* **Your objective**: In the data below, repeat the line containing "Used 2015 Nissan" and every following line exactly, up to and including the last line. Exclude pictures.

===== Exercise materials

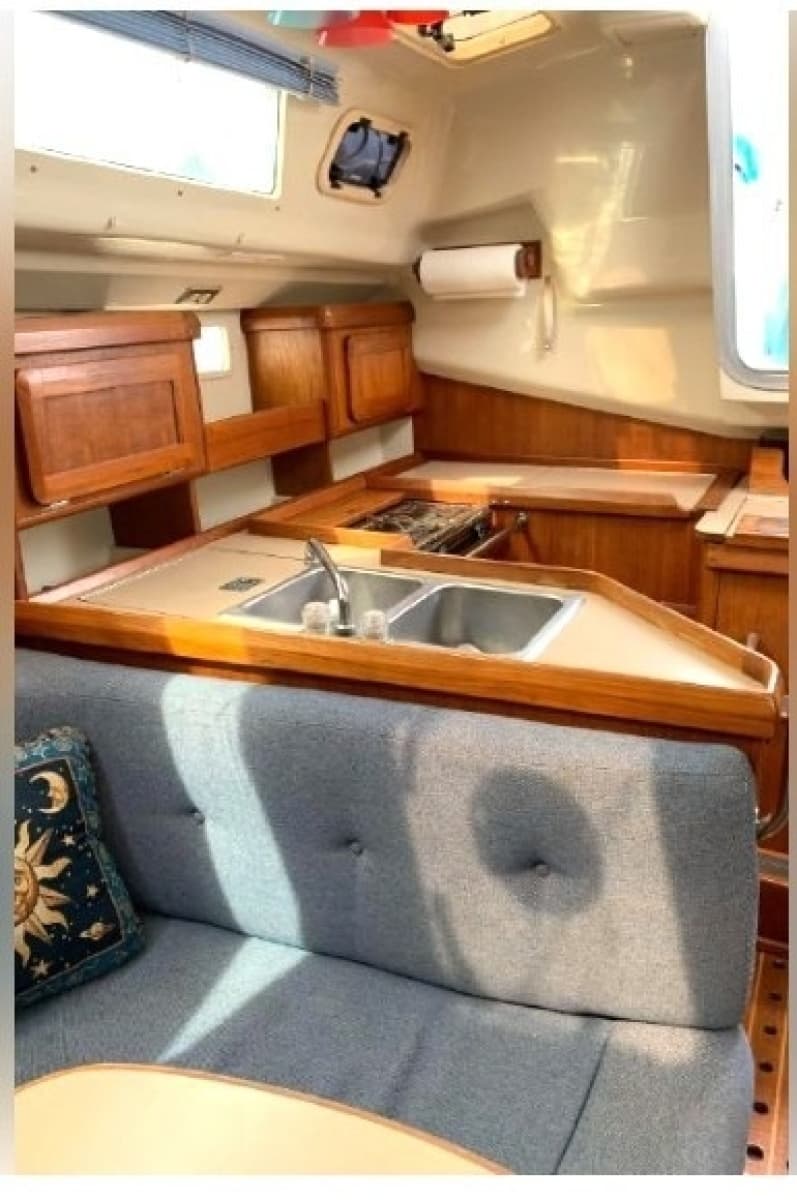 1992 Hunter 33.5 - Photo 6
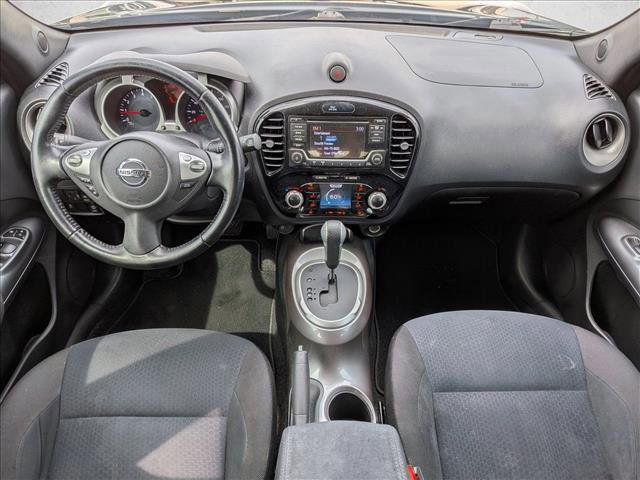 Used 2015 Nissan Juke SV w/ Cold Weather Package image 18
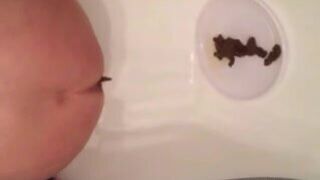 Girl pooping - video 643, ScatKings.com Scat Porn 15 ScatKings.com Scat Porn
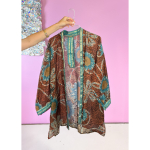 Monya Silkemix kimono no 1718 i Brun. Håndlavet silkemix kimono i vintage sarier - kun 1 stk. af hver! Hurtig levering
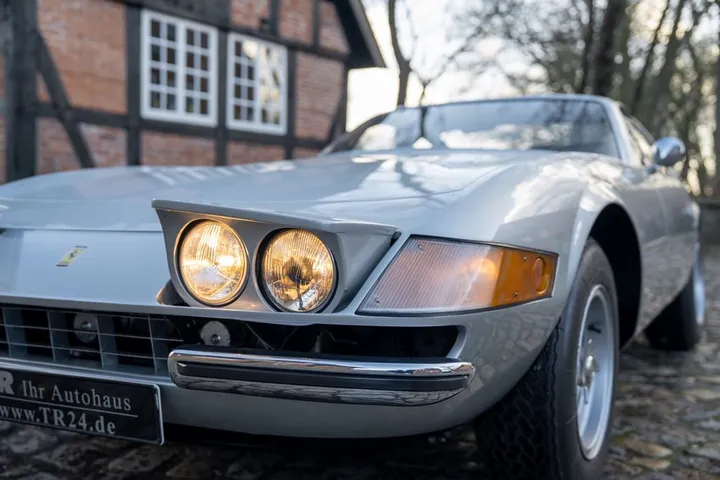 Ferrari 365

==========

* **Output below**:
 Used 2015 Nissan Juke SV w/ Cold Weather Package image 18
 Girl pooping - video 643, ScatKings.com Scat Porn 15 ScatKings.com Scat Porn
 Monya Silkemix kimono no 1718 i Brun. Håndlavet silkemix kimono i vintage sarier - kun 1 stk. af hver! Hurtig levering
 Ferrari 365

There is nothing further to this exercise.